AlphaEvolve: A coding agent for scientific and algorithmic discovery
Authors: Alexander Novikov, Ngân Vũ, Marvin Eisenberger, Emilien Dupont, Po-Sen Huang, Adam Zsolt Wagner, Sergey Shirobokov, Borislav Kozlovskii, Francisco J. R. Ruiz, Abbas Mehrabian, M. Pawan Kumar, Abigail See, Swarat Chaudhuri, George Holland, Alex Davies, Sebastian Nowozin, Pushmeet Kohli and Matej Balog
Paper: link
Code: Discovered algorithms and mathematical results in a Colab notebook
TL;DR
WHAT was done? The researchers developed AlphaEvolve, an evolutionary coding agent. It synergizes state-of-the-art Large Language Models (LLMs) like Gemini with an evolutionary computation framework. AlphaEvolve autonomously generates and iteratively refines complex algorithms by making direct changes to entire codebases, guided by automated evaluation functions.

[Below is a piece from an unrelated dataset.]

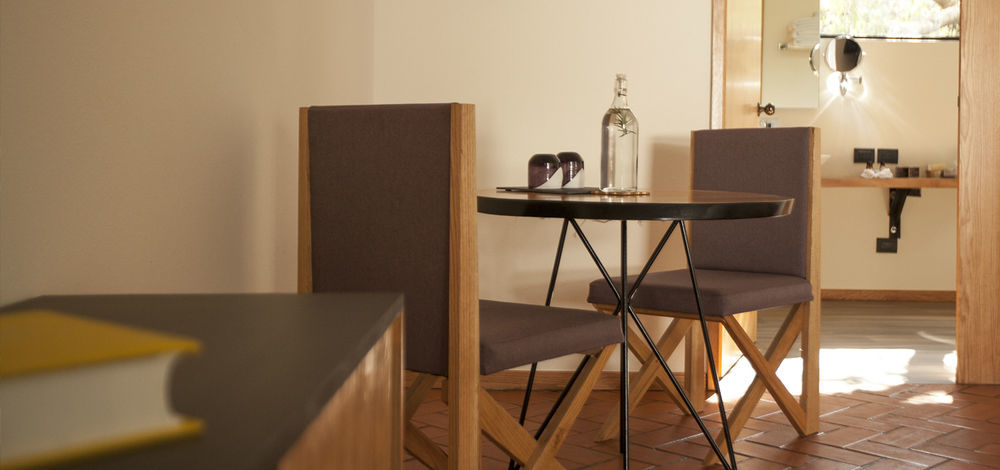 Hotel Boutique Casa Fernanda (Adults Only) テポストラン エクステリア 写真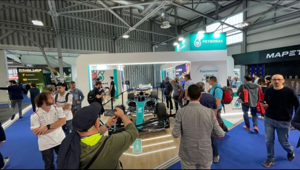 Prodea Group firma lo stand di Petronas all’Autopromotec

WHY it matters? AlphaEvolve represents a significant advancement in AI's capacity for autonomous discovery. It has achieved unprecedented breakthroughs, such as improving a 56-year-old algorithm for 4x4 complex matrix multiplication. Furthermore, it has delivered tangible, deployed optimizations for critical large-scale computational infrastructure at Google, including data center scheduling and LLM training kernel efficiency. This work demonstrates a shift from LLMs as coding assistants to AI agents capable of independently driving scientific progress and solving complex engineering challenges, effectively learning how to discover better solutions.

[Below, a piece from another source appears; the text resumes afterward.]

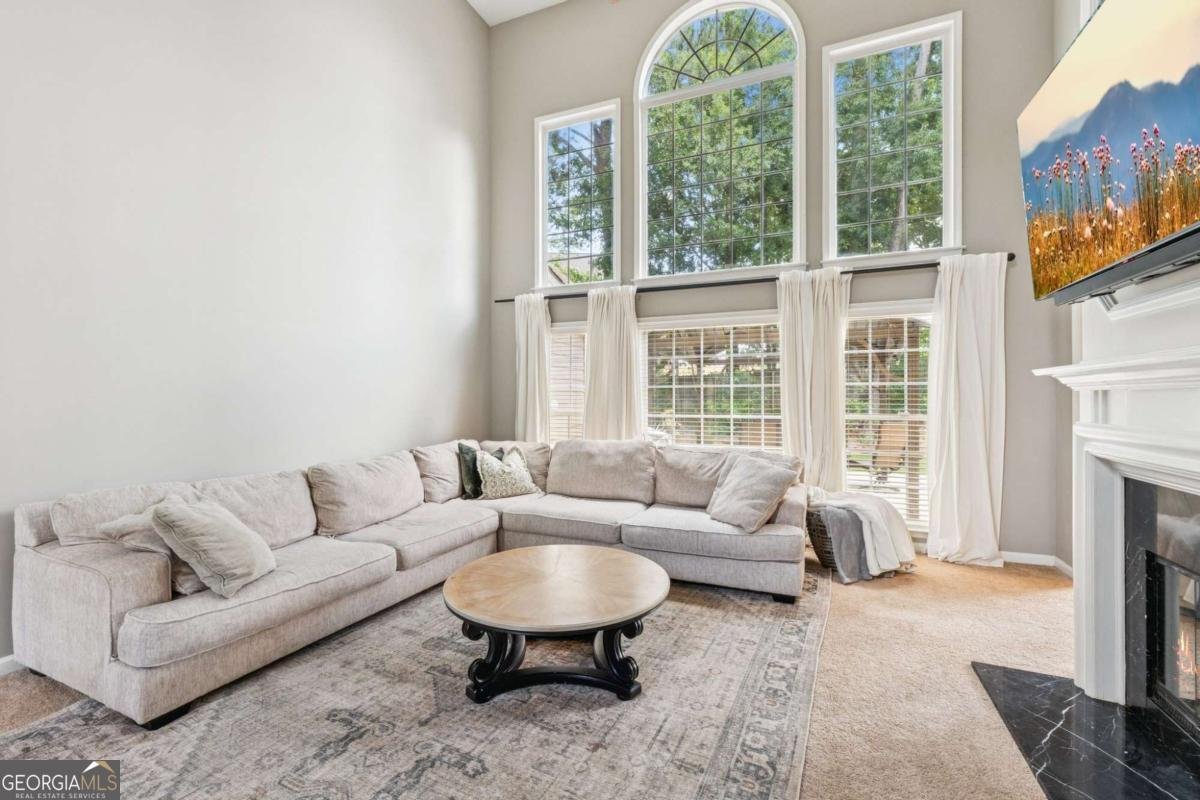 2720 Stillwater Lake Lane Marietta - 6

AlphaEvolve: An Evolutionary Coding Agent for Scientific and Algorithmic Discovery
The quest to build AI systems that can make novel scientific discoveries or devise superior algorithms for complex problems has long been a central ambition in artificial intelligence. A recent paper introduces AlphaEvolve, a system that marks a substantial step forward in this pursuit. This work tackles the challenge of enabling Large Language Models (LLMs) to move beyond generating plausible code to making entirely new scientific or practical breakthroughs and optimizing critical computational infrastructure.
AlphaEvolve's core innovation is an autonomous evolutionary coding agent that orchestrates LLMs to iteratively improve algorithms by making direct code changes. This approach has led to new state-of-the-art results in mathematics and computer science, and notable efficiency gains in real-world, large-scale systems.
Context and Differentiation: Beyond Existing Methods
AlphaEvolve builds upon prior work like FunSearch, which also used LLMs for discovery. However, AlphaEvolve significantly expands on these foundations.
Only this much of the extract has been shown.